Monastic Museum of Agapia Monastery
How many gold and silver jewels of inestimable value were stolen by the Ottoman besiegers and other predators from our churches and monasteries throughout hundreds of years, we cannot know, since they were melted and turned into “rascal” silver and gold. Nuns and monks of those places have worked with accuracy others and more beautiful, hardworking and skillful with their hands, and today we can admire them in the monastery museums.

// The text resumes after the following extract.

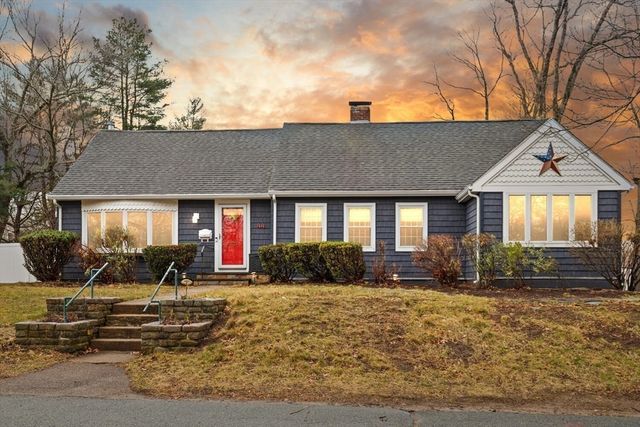 44 Hillview Ave, Holbrook, MA 02343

Treasure from the Agapia Monastery highlights artistic activities cultivated here over the centuries, such as: embroidery, plasty metal, the art of the canonicals manufacture and the art of weaving carpets. In a room of the Museum, dedicated to these activities are exposed, for example, canonicals, robes, embroidered pieces and handmade carpets by nuns, which completes the museum’s collection. Among the pieces exhibited in the their hall at the Agapia Monastery Museum are, in the first instance, icons. There are icons painted in tempera on wood, some silver framed, icons painted on glass, ouches for the Gospels, candles, candlesticks, crosses for table, and other jewels church, all belonging to the eighteenth and nineteenth centuries.
Agapia Monastery Museum, the first monastic museum of Moldova, excels with the 29 works with the signature of painter Nicolae Grigorescu, exposed in a room dedicated to the painter, works created between 1858 – 1860, when he painted the monastery church. In the museum exists a hall dedicated to Romanian writers of classics literature who passed by Agapia, have written about Agapia, or have lived in the monastery.
Agapia Monastery boasts that it is the only one that has an interactive museum, The Museum Vivant arranged in 2013 in a monastic house about 350 years old and renovated as a museum vivant and also guest house where the nuns can be seen as live their life as working in the Potteries, weaving, painting, bakery workshops.
The exhibition spaces where are all these wonderful masterpieces are so arranged that enables the visitor to contemplate at leisure, to linger in front of each exhibit in order to understand the atmosphere of the time in which they were created, and not least, to participate with nuns within the Museum Vivant to a lesson of authentic Orthodox Christian spirituality specific to Romanian people.